Published: 08/03/2021
Updated: 22/03/2022
About one quarter of the churches in our care are dedicated to female saints, and the majority of these are dedicated to St Mary and St Mary Magdalene.
However, some of our churches have connections to saints and holy women you might not know much, or anything, about. in East Yorkshire, the church of Barmby on the Marsh is dedicated to St Helen of the True Cross, the powerful Greek mother of the first Christian Roman emperor; in Powys, the remote church at Llanelieu, with its astounding blood-red rood screen, is dedicated to the more obscure and mysterious Welsh virgin martyr St Ellyw; while in Llandawke, Carmarthenshire, the church of St Oudoceus (a male bishop) is closely connected with enigmatic Welsh holy woman St Margaret Marloes.

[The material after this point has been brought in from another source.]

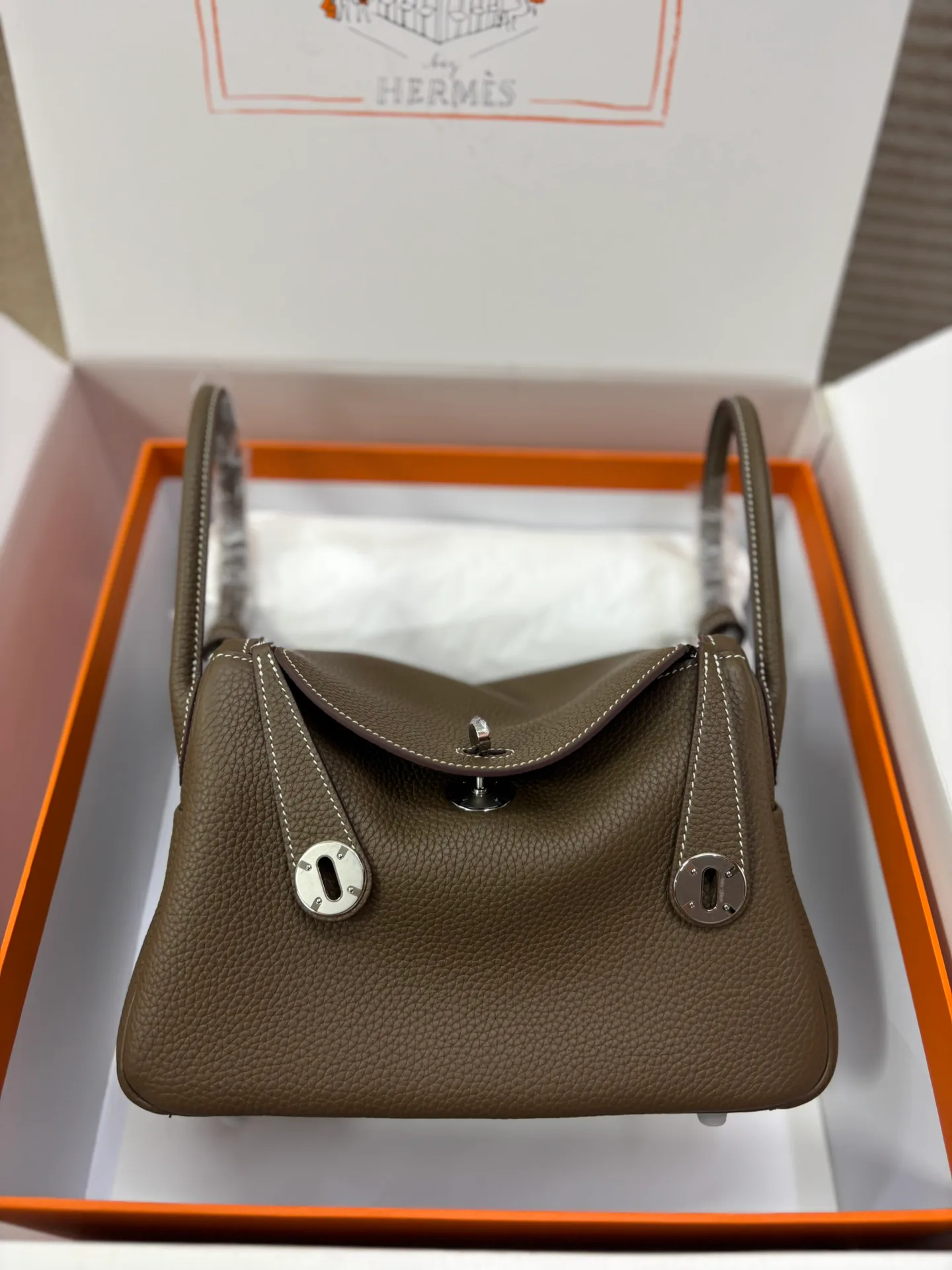 Классические Сумки Женские Hermes 11590993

The actions of these women — whether historical or mythical — have inspired awe and devotion and fuelled artistic expression for many hundreds of years. In this blog, we explore their stories.
The small settlement of Llanelieu, Powys, deep in the Black Mountains, is named after St. Ellyw. Some people also connect Llanelli in Carmarthenshire and Llanelly in Monmouthshire to this mysterious female saint.
Tradition has it that Ellyw was a 5th century princess, a granddaughter of the legendary King Brychan of Brycheiniog (Breckonshire (now Powys and Monmouthshire)).
Early in life, she took a vow of chastity, dedicating her life to Jesus. But her family did not accept this and arranged to marry her to a prince.
So Ellyw fled the kingdom — and her family. She wandered alone over the hills, from village to village. But the villagers feared the King and refused to help her. Eventually, Ellyw found a small hut in Brecon and lived there in isolation.
Soon though, she was hunted down by her intended, who demanded that she return at once and obey the orders to be married. But Ellyw was resolute, sure of her mind, and refused. In a rage, her rejected suitor cut her head off.
Legend tells us that a spring burst through the earth at the point where her head fell. And that the villages that turned her away suffered a series of disasters for years to come.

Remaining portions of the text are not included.